Santo Tirso recebe, até 24 de dezembro, o mercado de Natal da ASAS, que, devido à pandemia, se transferiu do Mercado Ferreira Borges, no Porto. ASAS apoia, na Trofa, 25 idosos em situação de isolamento.

Limitada pela pandemia, a ASAS – Associação de Solidariedade e Ação Social de Santo Tirso substituiu o seu mercado de Natal, no mercado Ferreira Borges, no Porto, por uma iniciativa semelhante de venda de produtos em Santo Tirso. Em pleno centro da cidade, e apesar de haver muitas restrições por questões de segurança e saúde pública, a ASAS não quis deixar de, em parceria com as marcas que todos os anos apoiam esta venda de Natal, voltar a lançar mãos à obra.

Assim, desde 28 de novembro que na rua Dr. Carneiro Pacheco, no coração de Santo Tirso, a solidariedade e apoio à instituição se fazem notar.

Gilda Torrão, diretora técnica da instituição, lamenta não ter sido possível realizar “o mercado Asas Weekend, no mercado Ferreira Borges”. “Diligenciamos tudo a partir de junho, trabalhando em parceria com a Câmara Municipal do Porto e do Hard Club, mas com o evoluir da pandemia, consideramos que não poderíamos expor a nossa equipa, que depois está a trabalhar com as nossas crianças e jovens. E também pensamos nas pessoas que nos visitam desde há sete anos e que tínhamos de dar outras condições na organização deste evento”, explicou.

Com a duração de quase um mês, decorrendo até 24 de dezembro, o mercado realiza-se “na mesma lógica e filosofia do layout da Asas Weekend, com as mesmas marcas, mesmas parcerias, com os mesmos amigos, permitindo compras em segurança e limite de pessoas dentro do espaço”. Ao durar quase um mês, há possibilidade de “as pessoas de outros concelhos possam visitar” e fazer a suas compras de Natal, com oportunidades únicas ao nível da qualidade/preço.
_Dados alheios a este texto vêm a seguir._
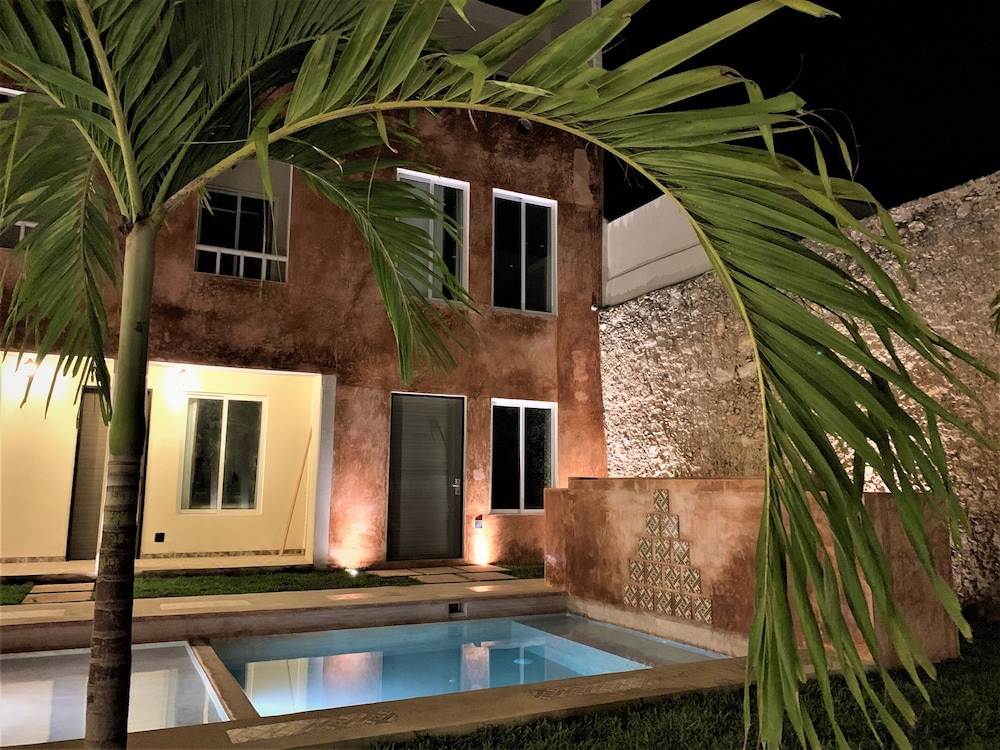 Hotel Boutique La Casona by Kavia 53/62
O Mercado de Natal da ASAS está aberto todos os dias, entre as 10h00 e as 19h30, e “nos dias em que há restrições, no âmbito da pandemia”, a organização vai “ajustando às orientações”, adiantou Gilda Torrão.

O produto desta venda é utilizado pela ASAS “na sua missão, que é proteger as crianças e jovens em perigo e as famílias desprotegidas”.
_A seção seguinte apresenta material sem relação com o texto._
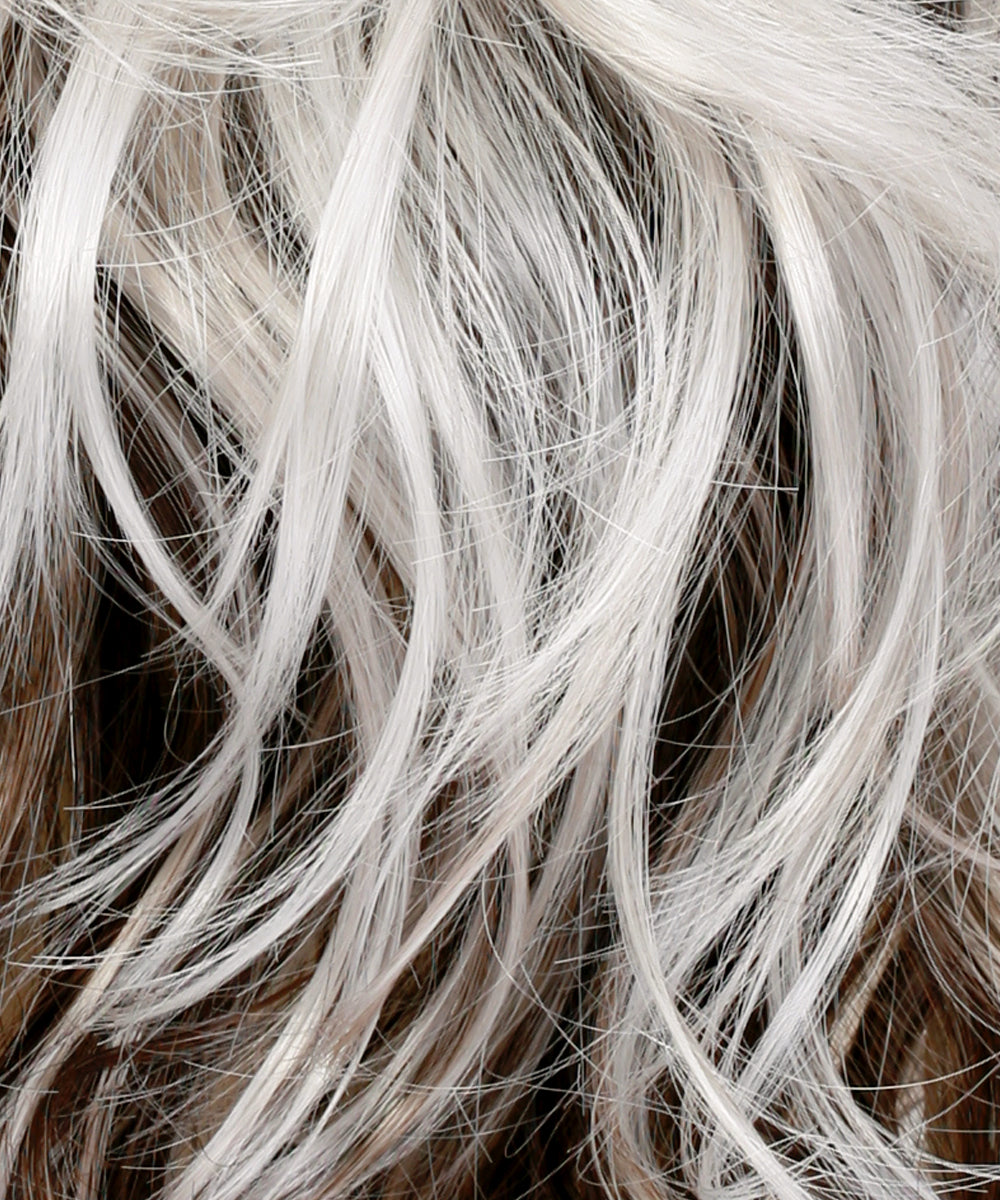 Reeves by Estetica Designs | Long Wavy Synthetic Wig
ASAS reinventa apoio do Centro Comunitário da Trofa

A Associação, que é detentora de um Centro Comunitário no concelho da Trofa, apesar de ter, fisicamente, as portas fechadas para receber os idosos, reinventou a forma de os apoiar. “Não podendo eles ir ao nosso centro comunitário, nós estamos a visitá-los na casa deles, fazemos recados, vamos passear com eles, vamos à farmácia, vamos à mercearia, jogamos, lemos, rezamos”.

Gilda Torrão explica que esta mudança de estratégia, fruto das restrições da pandemia, tem como objetivo “garantir a felicidade e o bem-estar de tanta gente que está desprotegida e desamparada”. “Estamos a acompanhar 25 idosos em casa. Sem dúvida, a nossa redescoberta do trabalho com os idosos tem sido muito engraçada, vai ser uma área que se vai manter”, realçou a diretora técnica da ASAS.